There are no bells and whistles there but it should still drill holes and it may have some value as a collectors item.


----------



## paparoy (Feb 23, 2018)

My son has a Reliant DD126 also. The motor stopped working and he can't read the motor tag except for it is 1 1/2 hp. We need to know the motor rpm. Does the motor tag on your sander list the motor rpm.? I've tried to find a manual also with no luck.

Thanks, Roy


----------



## JOAT (Apr 9, 2010)

Cherryville Chuck said:


> There are no bells and whistles there but it should still drill holes and it may have some value as a collectors item.

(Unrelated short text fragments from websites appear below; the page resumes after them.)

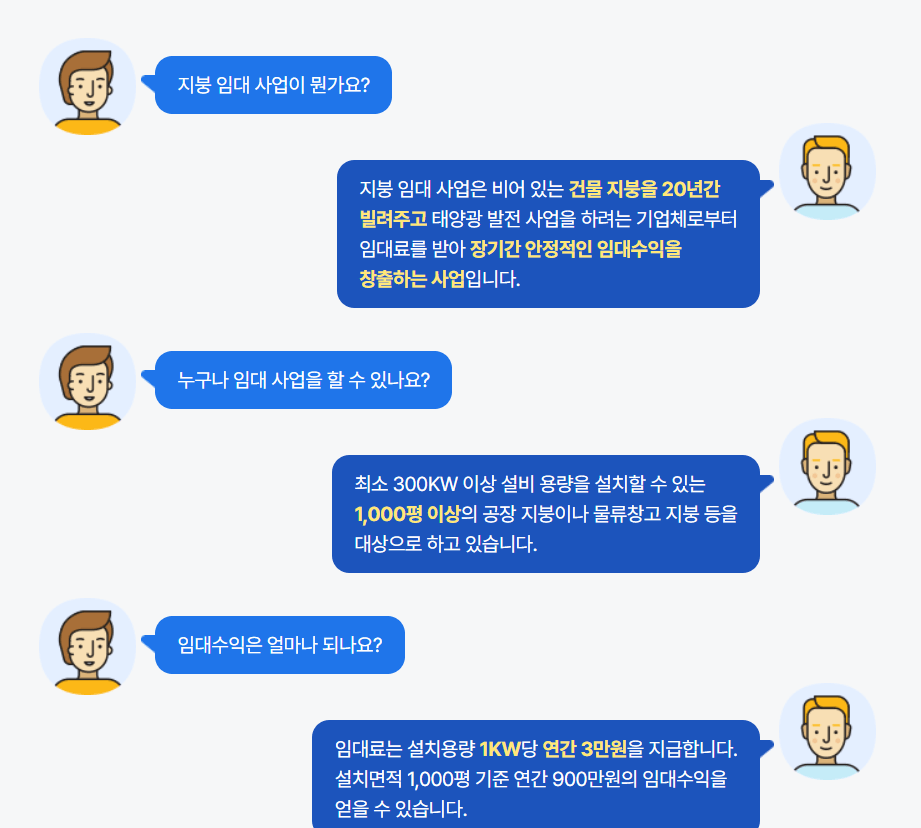 건물지붕임대사업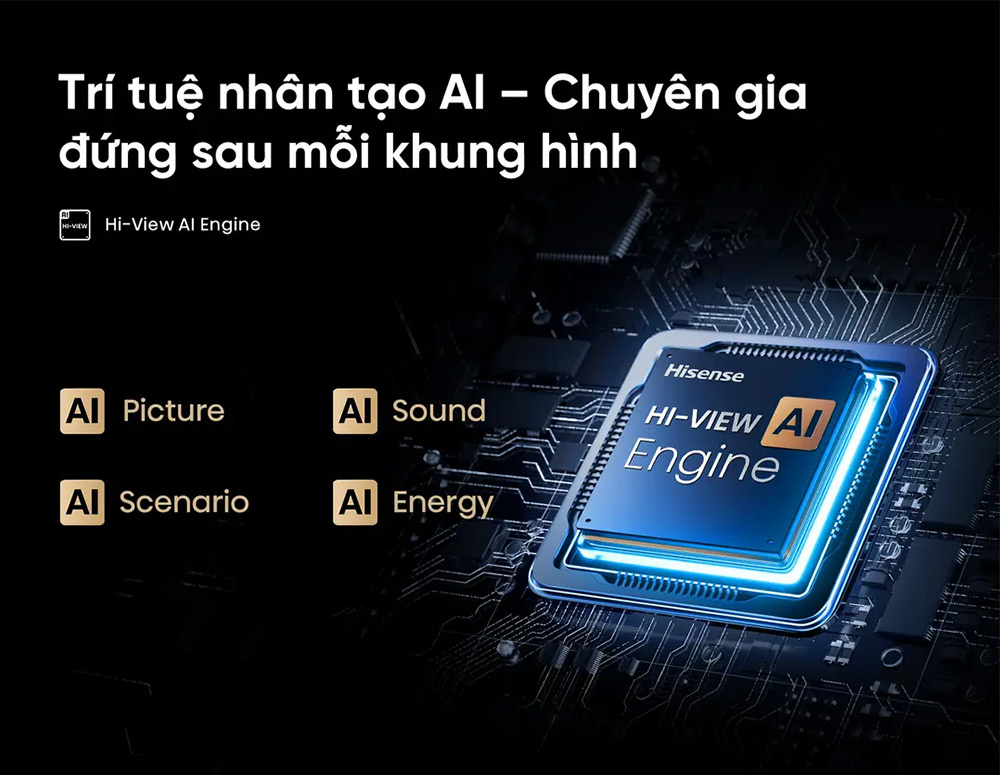 Bộ xử lý Hi-View AI Engine Tivi Hisense ULED MiniLED 4K 65 Inch 65U6Q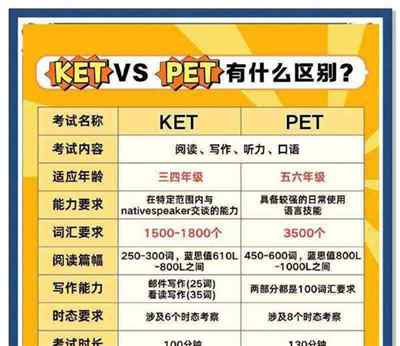 pets3和cet4哪个含金量高
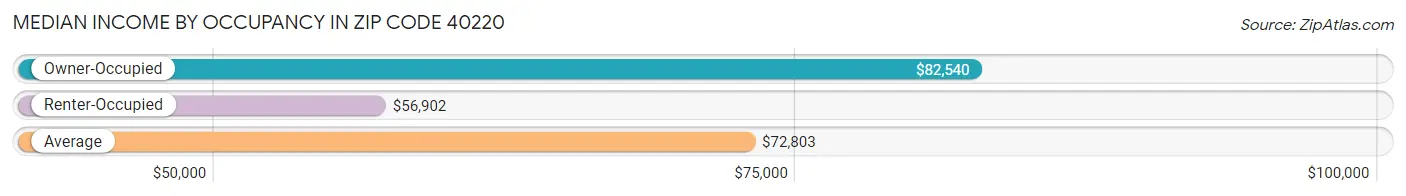 Median Income by Occupancy in Zip Code 40220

I consider it really cool to have an old tool, that you can actually use. Looks like replace the belt, possibly the motor, and should be good to go. And then use it. But, if for whatever reason it actually is not in condition to use, I would likely just try to find a collector who would buy it - they don't use their tools anyway. Or, if it won't work, you might just want to set it somewhere out of the way, but still in sight, and just keep it. I'm undecided if I would do that, or try to sell it. Cool machine, regardless. Ah, if I had the room, and it didn't work, I'd keep it, even if it was just to hang my hat on.


----------



## Renelle Musielak-Legos (Feb 17, 2018)

My father found the manual! It's pretty useless but I figured I'd post it here just in case someone needs it. I also included a picture of the motor tag.

Thank you for your help everyone!!

https://imgur.com/a/5rQHy


----------